Mais, dit-il, « ce n’est pas un dictateur. Il n’a pas la machine pour le devenir, pas de soutien dans l’armée et même pas de parti ». Ce qui l’inquiète le plus, c’est qu’un véritable potentat, qui ne serait pas Saïed, profite de la situation pour remettre de l’ordre comme l’avait fait à son époque Ben Ali.
L’exode des cerveaux
Comment s’étonner que, selon le dernier rapport du Baromètre arabe, 45 % des Tunisiens rêvent de s’expatrier ? Oubliez les boat people qui tentent de traverser la Méditerranée ; 80 % des expatriés tunisiens viennent de la classe moyenne et même supérieure, explique Hassen Zargouni. « En deux ans, plus de 1000 médecins et 5000 ingénieurs ont quitté la Tunisie à destination de la France, de l’Allemagne, du Canada ou des Émirats. C’est une véritable hémorragie. »

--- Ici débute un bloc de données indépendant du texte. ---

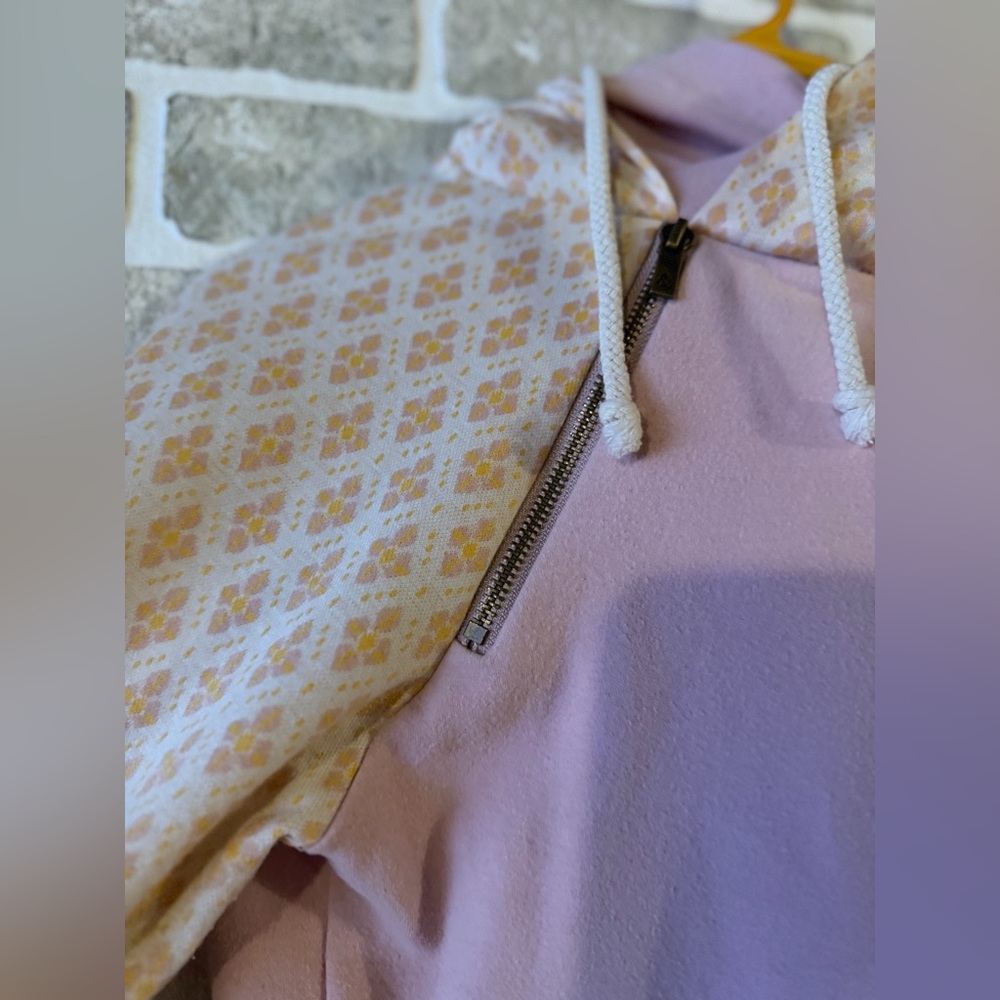 AMPERSAND AVE Pink and Cream Hooded Pullover Sweater - Picture 3 of 7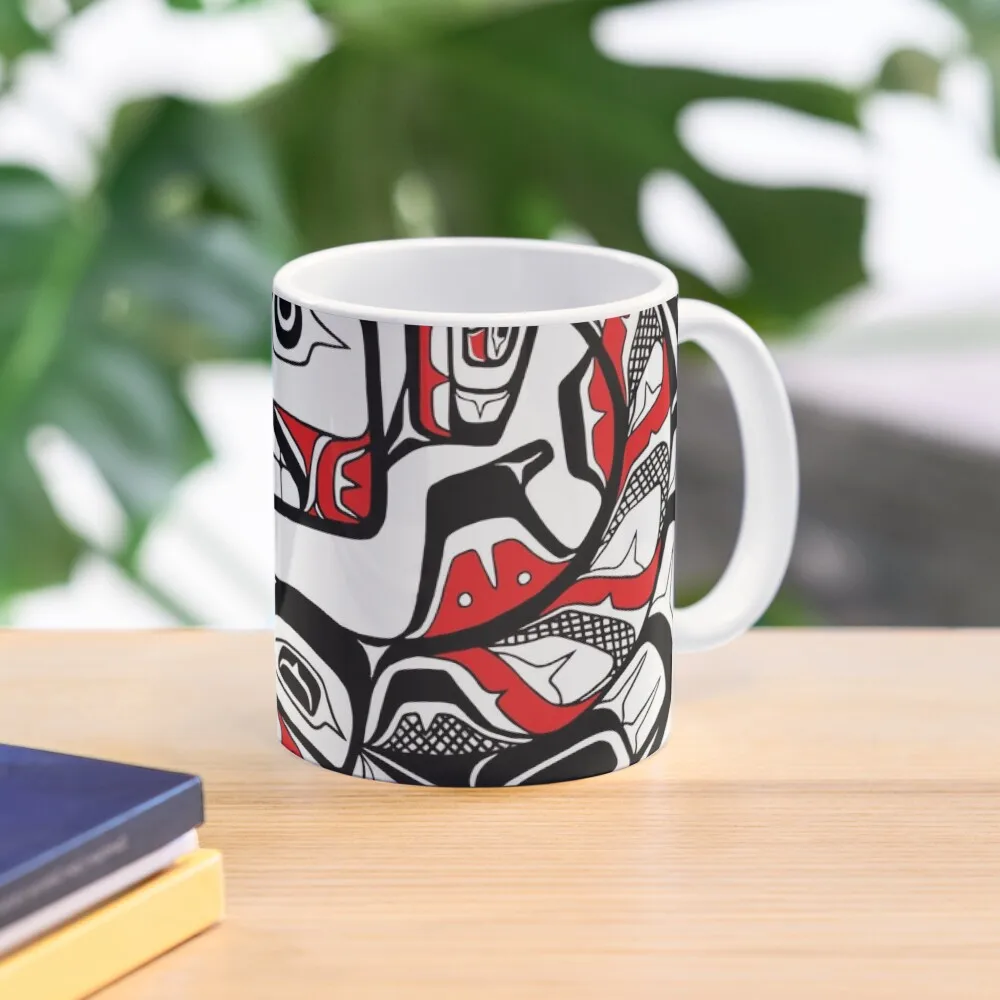 

Tlingit style Bear and Salmon PNW Native art Coffee Mug Funny Cups Glass Cups Mug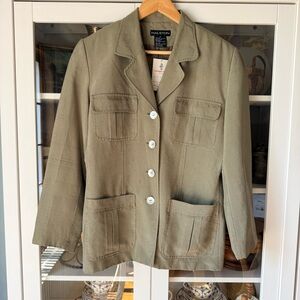 Halston Heritage Olive Silk Chore Blazer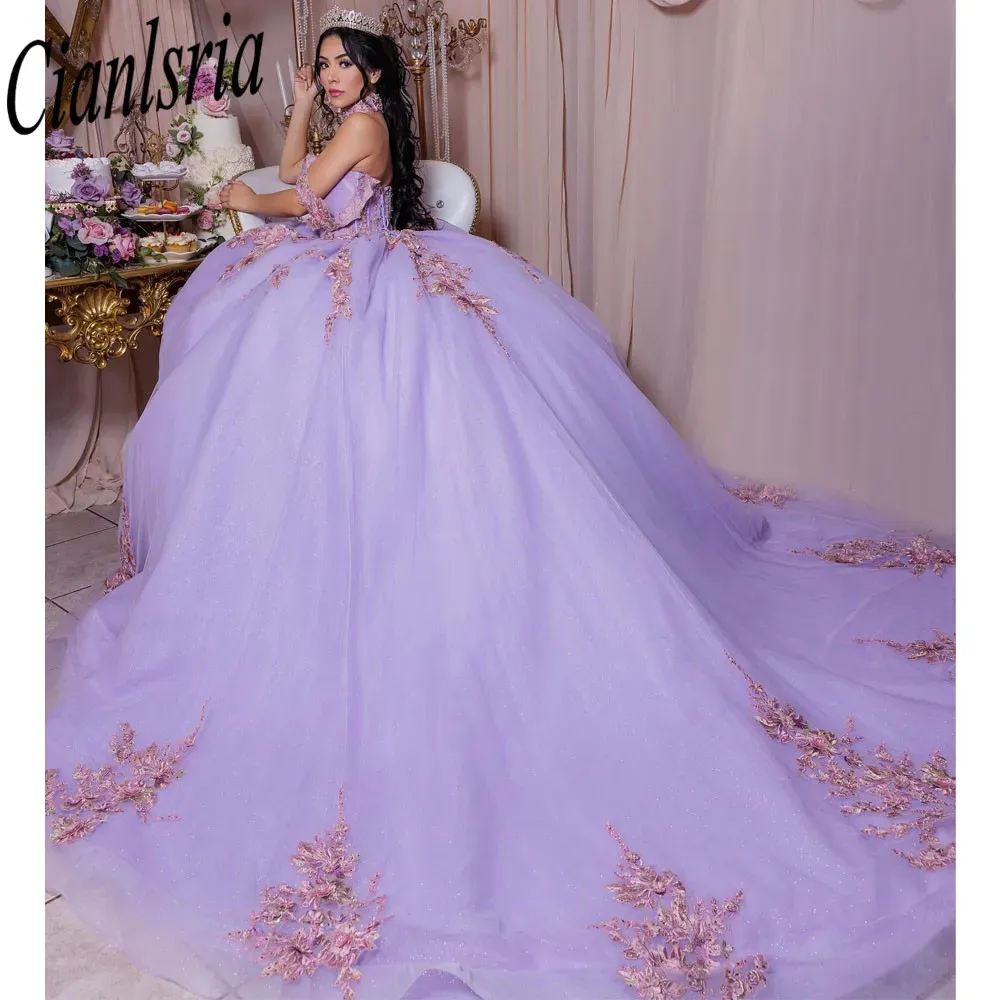Сирень quinceanera платья 2024 vestidos de 15 Quinceanera блестящая милая принцесса сладкое 16 плать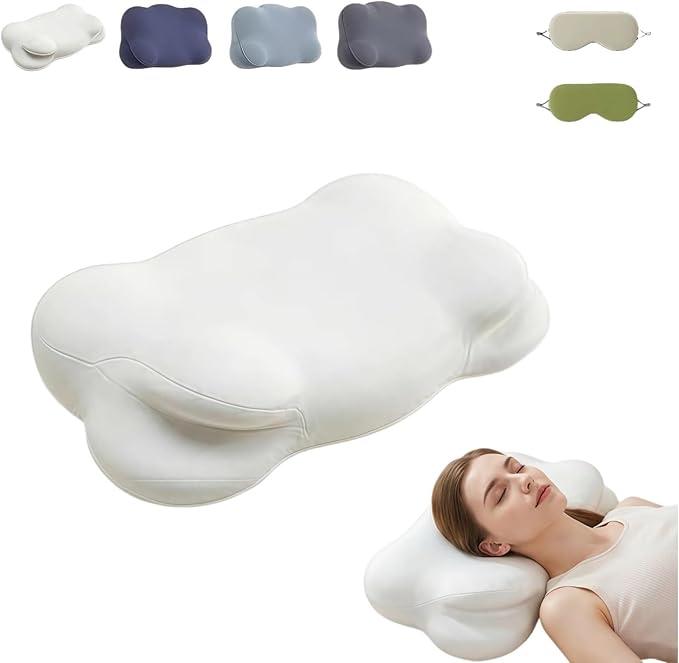 Cloud Pillow, Ergonomic Memory Foam Cervical Neck Support Pillow with Breathable Pillowcase, Dual Height Cloud Align Pillow for Side Back Stomach Sleepers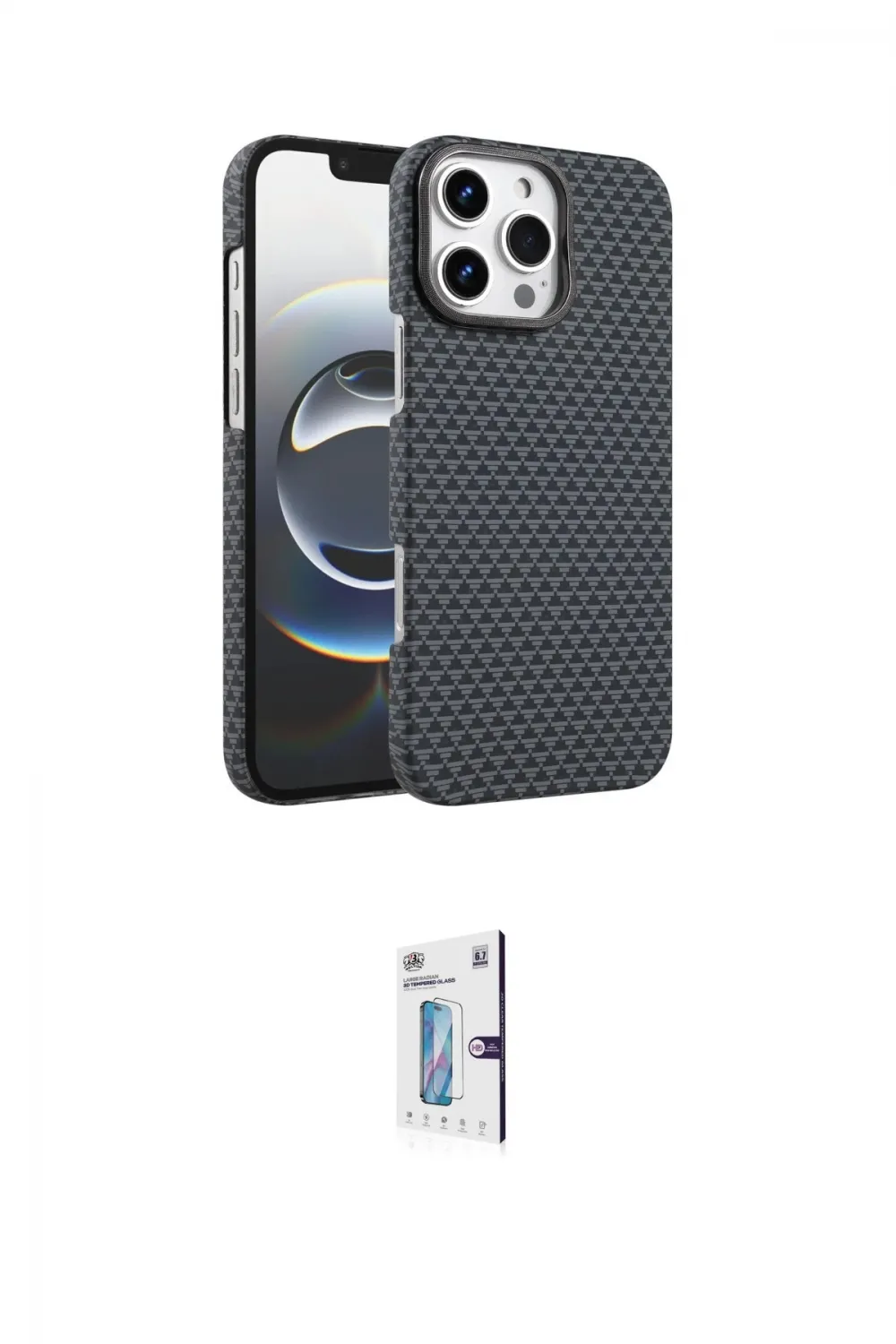 ieg™ iPhone 16 Pro Kılıf Doruk Serisi - Siyah Bilvis 0.18mm Plus Cam Ekran Koruyucu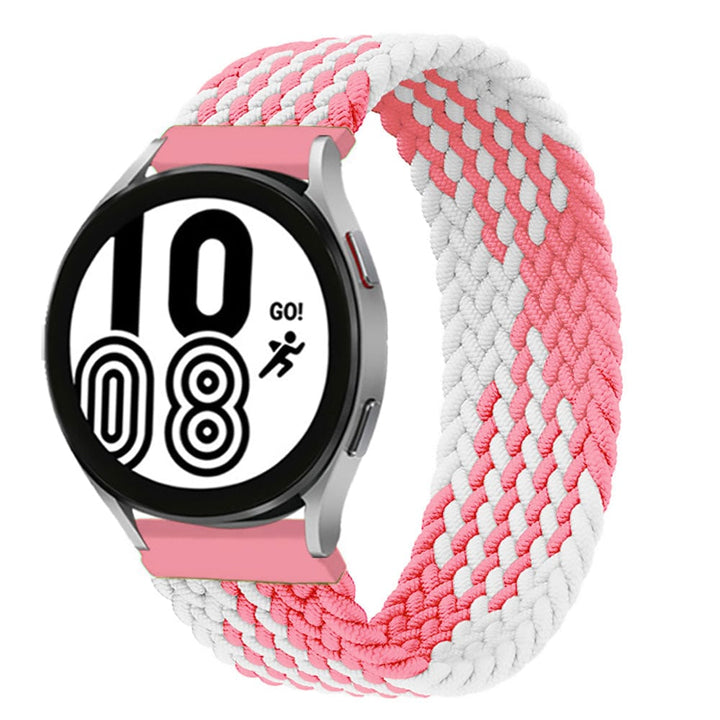 Braided Solo Loop Watch Band For Samsung White Pink / 20mm / XXS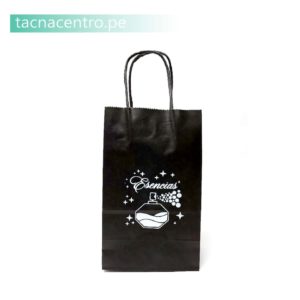 bolsas de papel kraft color negro asa de cuerda personalizadas con logo estampado - bolsa ecologica terminada venta por mayor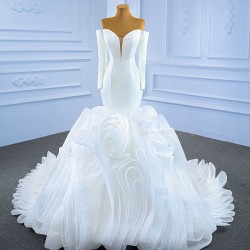 Ruffled Wedding Dress Long Sleeve Bridal Dresses 2024 Chinese Factory Online Shop Bridal Gowns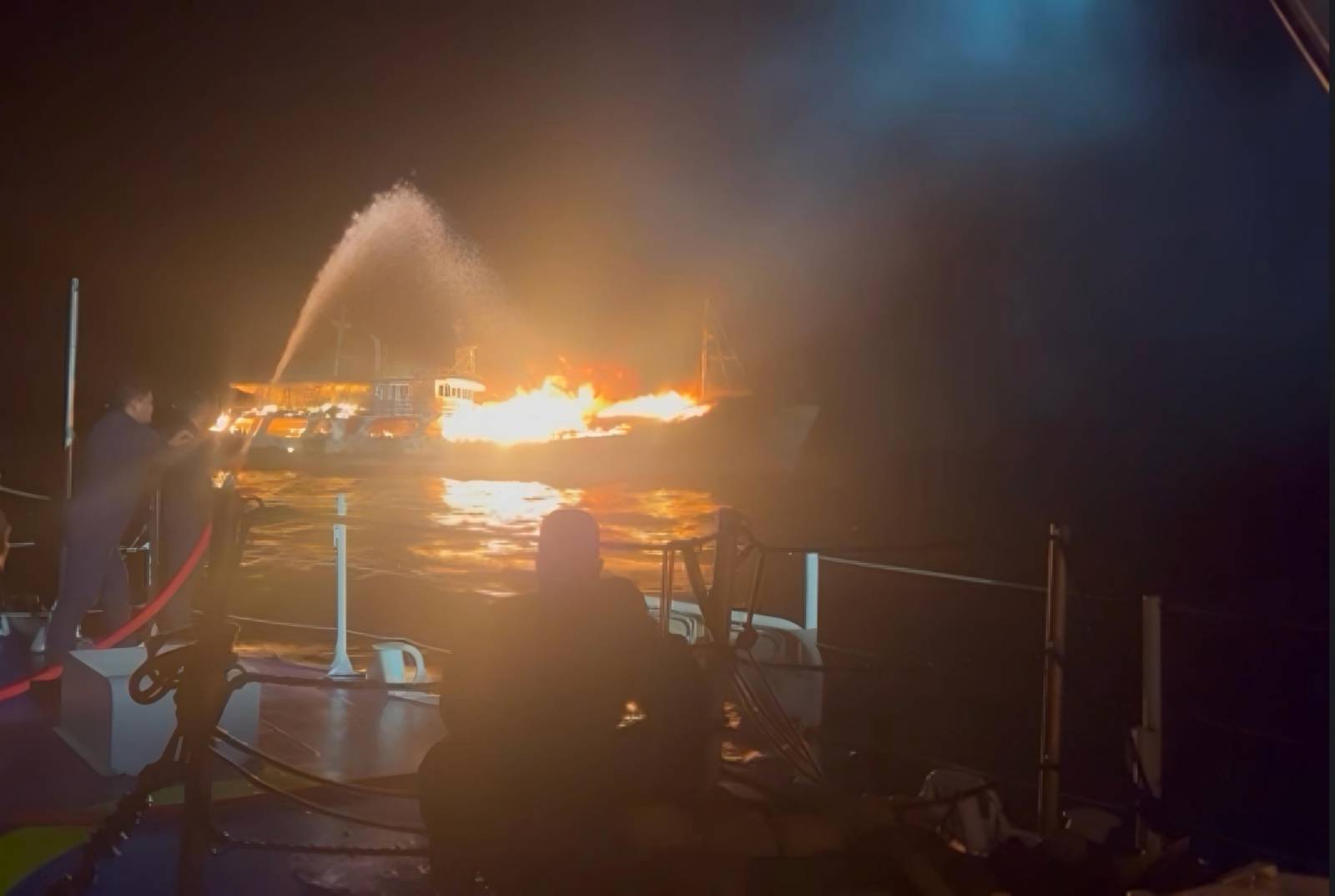 PCG Saves 12 Crew Members from Burning Cargo Ship Off Batangas Coast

D’ailleurs, sans les transferts massifs de fonds des Tunisiens de l’étranger, en augmentation de 17 % au cours des six premiers mois de 2022, les finances du pays feraient naufrage. Autour de 2 milliards de dollars, ces virements représentent quatre fois les revenus du tourisme durant la même période.
Si Saïed est un dictateur, il risque de ne pas l’être longtemps, nous confie une source proche des arcanes du pouvoir. « Sous sa gouverne, la Tunisie ne peut aller que vers une crise économique et sociale. Le réveil pourrait être brutal. » Zied El Hani croit même que cela pourrait arriver au printemps, voire en janvier. « D’où l’importance de s’y préparer », dit-il. Vendredi dernier, une manifestation illégale spontanée s’est déroulée sur la prestigieuse avenue Bourguiba de Tunis. Ce n’est certainement pas la dernière.